When you copy from the entries that follow, take only the lines from the one with "NEUSTIFTER KIRTAG — традиційне свято у Відні" down to the one with "PHOTO: People take", keeping both ends and dropping every picture.
--- EXCERPTED RECORDS Enclosed Below ---
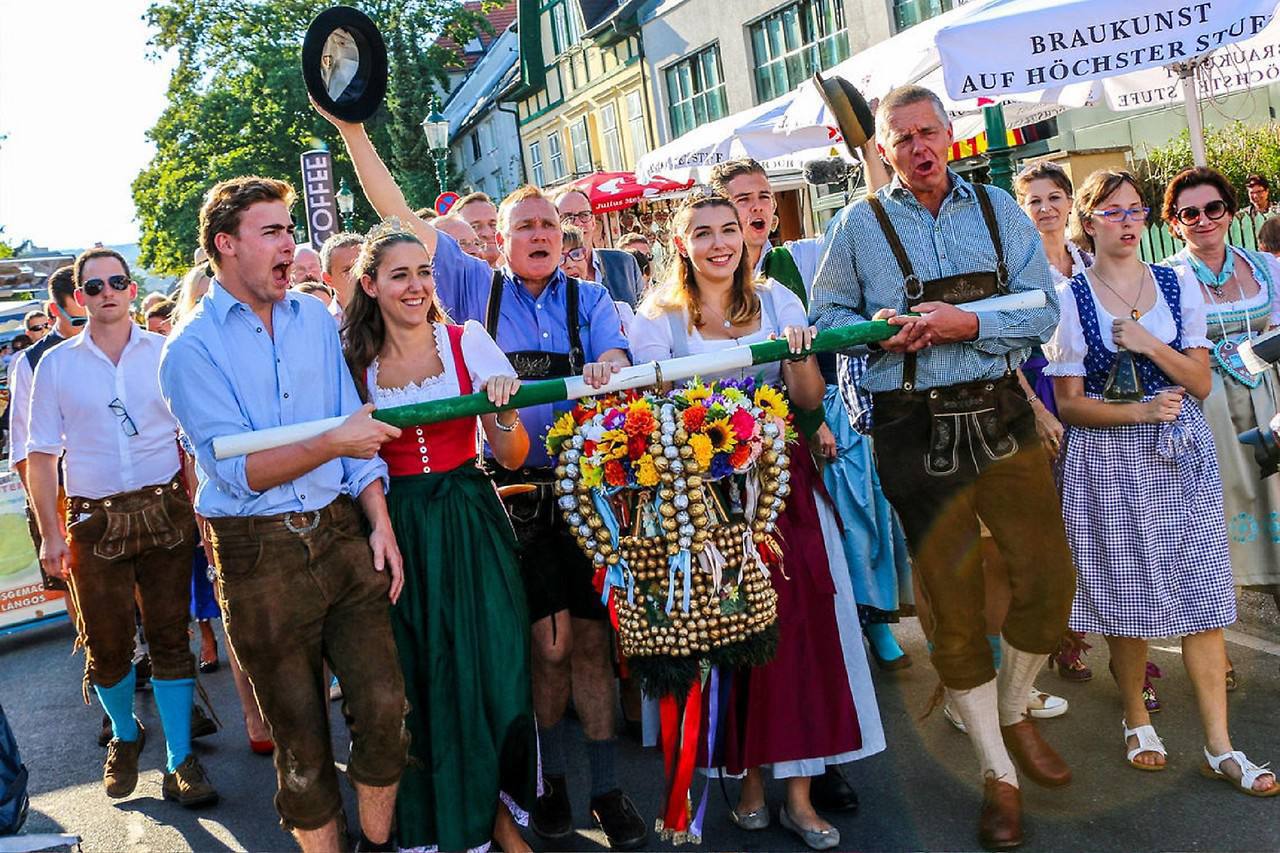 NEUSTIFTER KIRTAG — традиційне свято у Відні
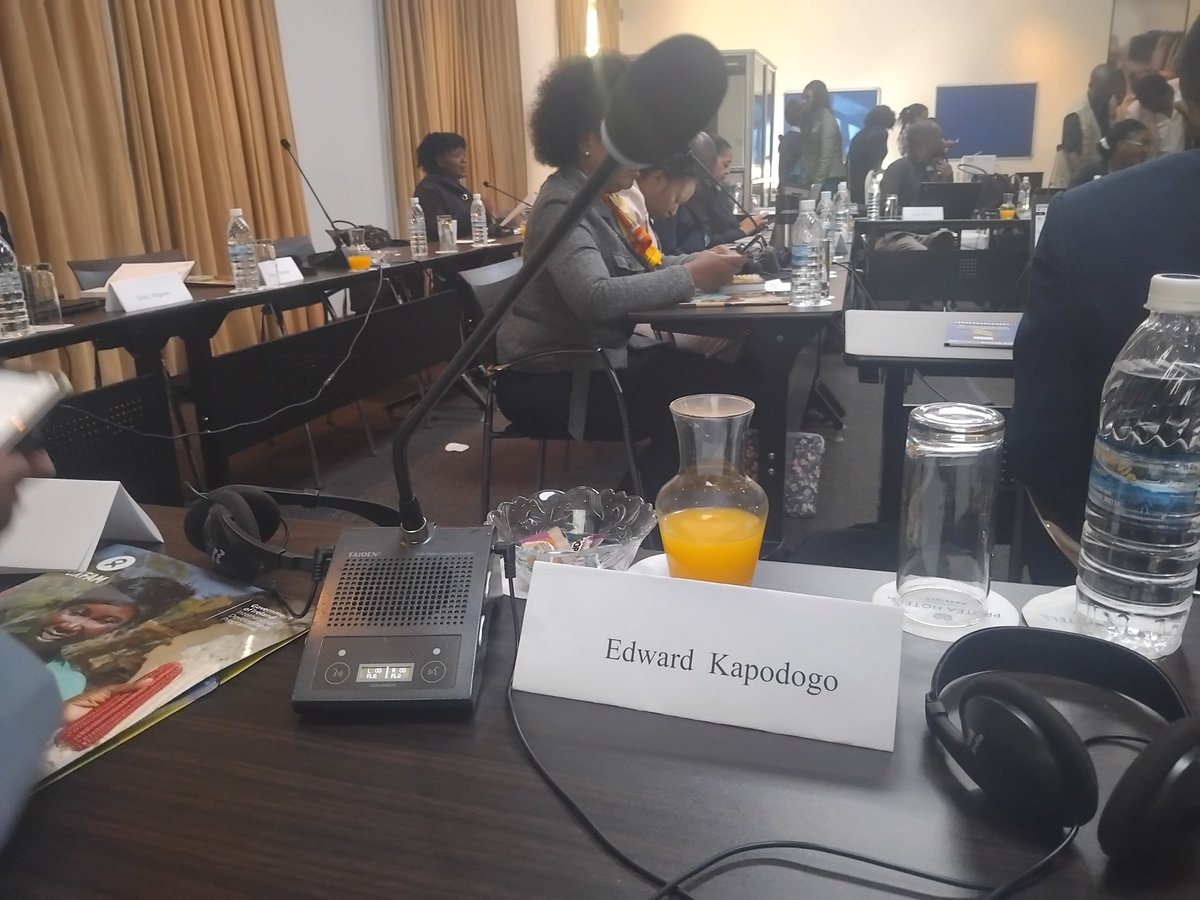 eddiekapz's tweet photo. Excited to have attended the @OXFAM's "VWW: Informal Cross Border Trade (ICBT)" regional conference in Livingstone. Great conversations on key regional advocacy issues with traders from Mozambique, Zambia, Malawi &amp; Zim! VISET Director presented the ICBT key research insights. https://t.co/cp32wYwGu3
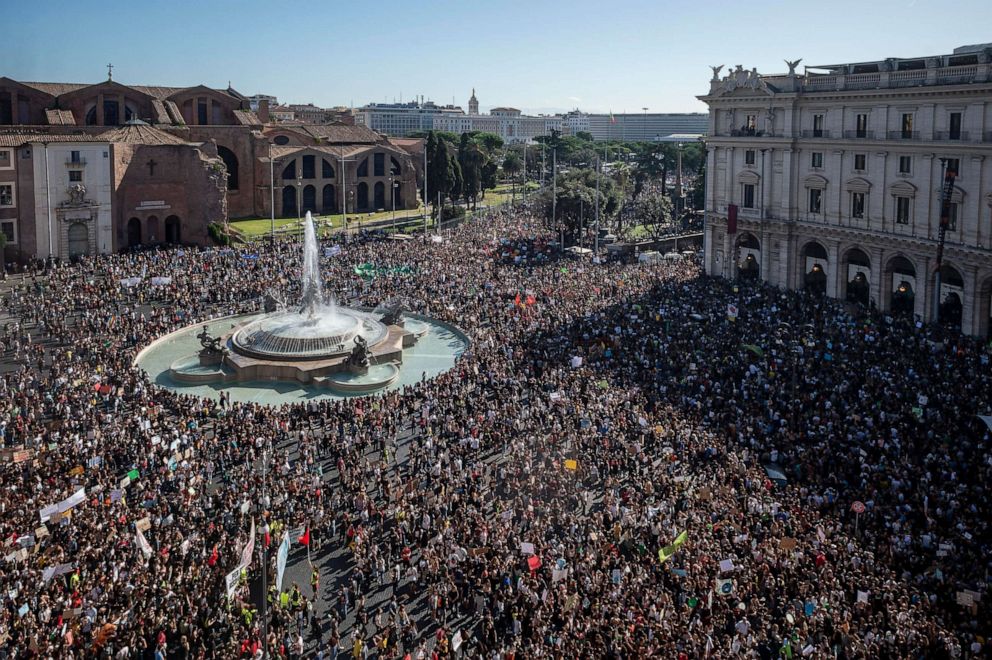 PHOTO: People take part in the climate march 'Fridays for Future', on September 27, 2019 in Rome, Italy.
--- End of Enclosed EXCERPTED RECORDS ---
--- EXCERPTED RECORDS Enclosed Below ---
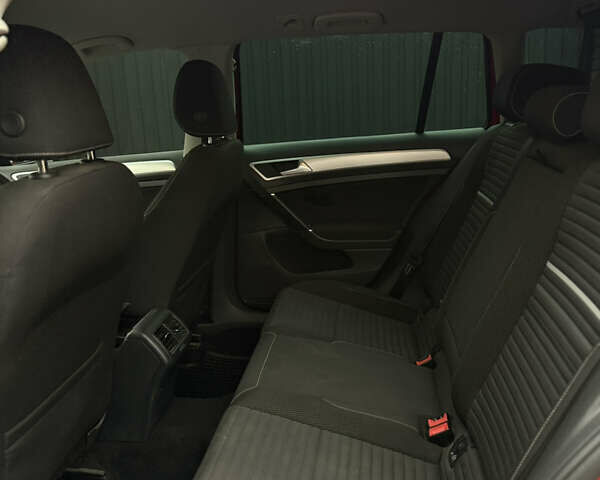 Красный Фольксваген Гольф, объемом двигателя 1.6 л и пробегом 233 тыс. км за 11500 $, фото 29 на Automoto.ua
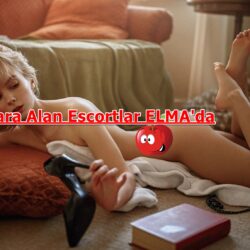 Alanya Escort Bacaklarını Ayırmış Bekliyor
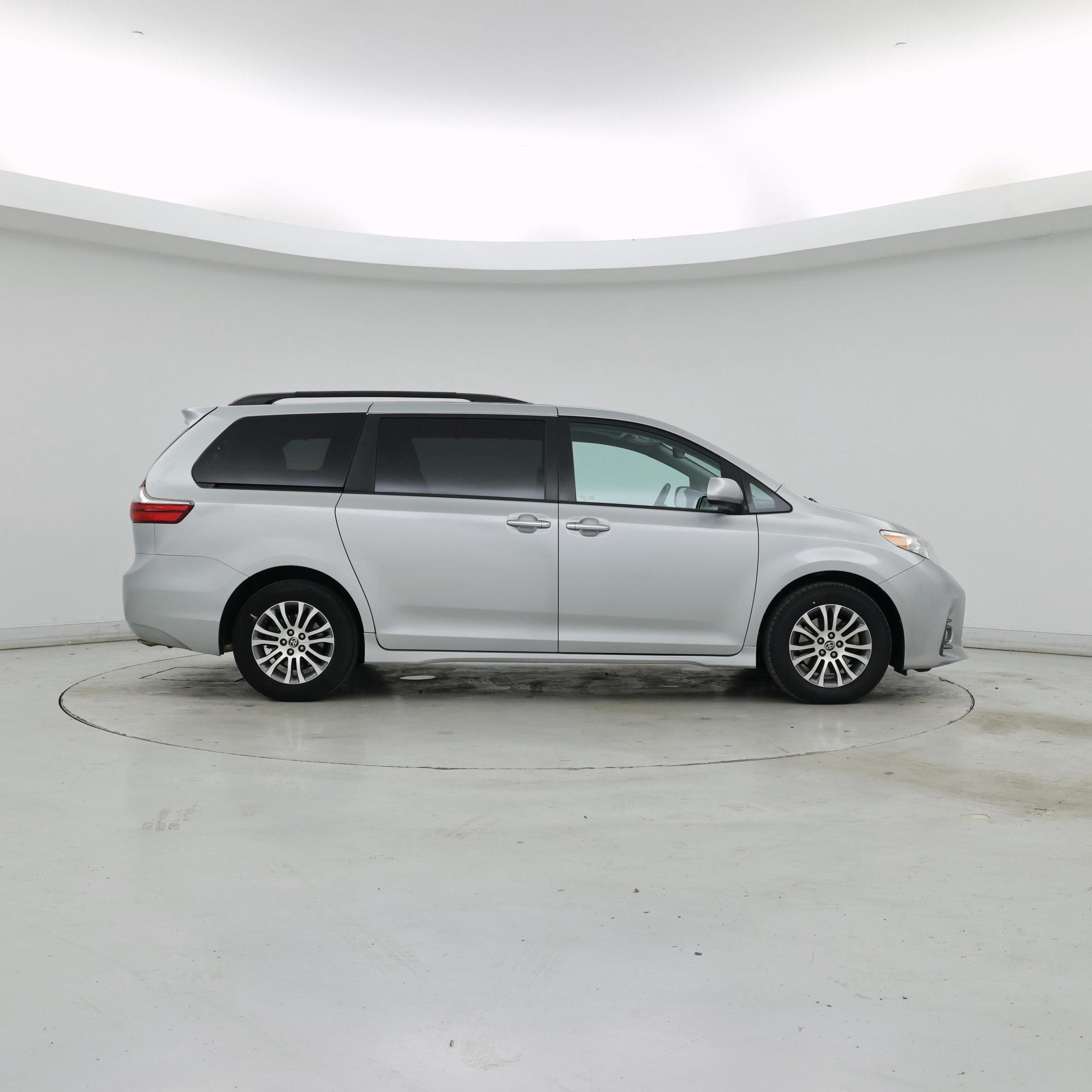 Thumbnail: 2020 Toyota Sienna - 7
--- End of Enclosed EXCERPTED RECORDS ---
--- EXCERPTED RECORDS Enclosed Below ---
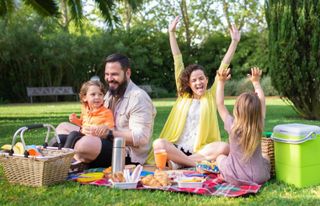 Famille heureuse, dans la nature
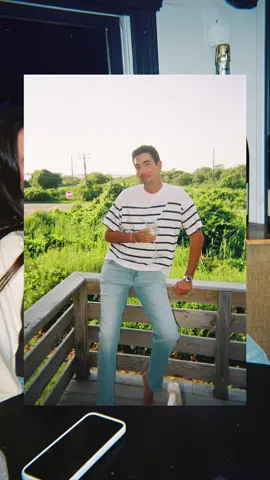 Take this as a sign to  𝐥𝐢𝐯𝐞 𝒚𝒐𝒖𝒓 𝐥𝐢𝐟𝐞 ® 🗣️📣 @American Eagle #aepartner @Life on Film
--- End of Enclosed EXCERPTED RECORDS ---
# TASK RESULT
 NEUSTIFTER KIRTAG — традиційне свято у Відні
 eddiekapz's tweet photo. Excited to have attended the @OXFAM's "VWW: Informal Cross Border Trade (ICBT)" regional conference in Livingstone. Great conversations on key regional advocacy issues with traders from Mozambique, Zambia, Malawi &amp; Zim! VISET Director presented the ICBT key research insights. https://t.co/cp32wYwGu3
 PHOTO: People take part in the climate march 'Fridays for Future', on September 27, 2019 in Rome, Italy.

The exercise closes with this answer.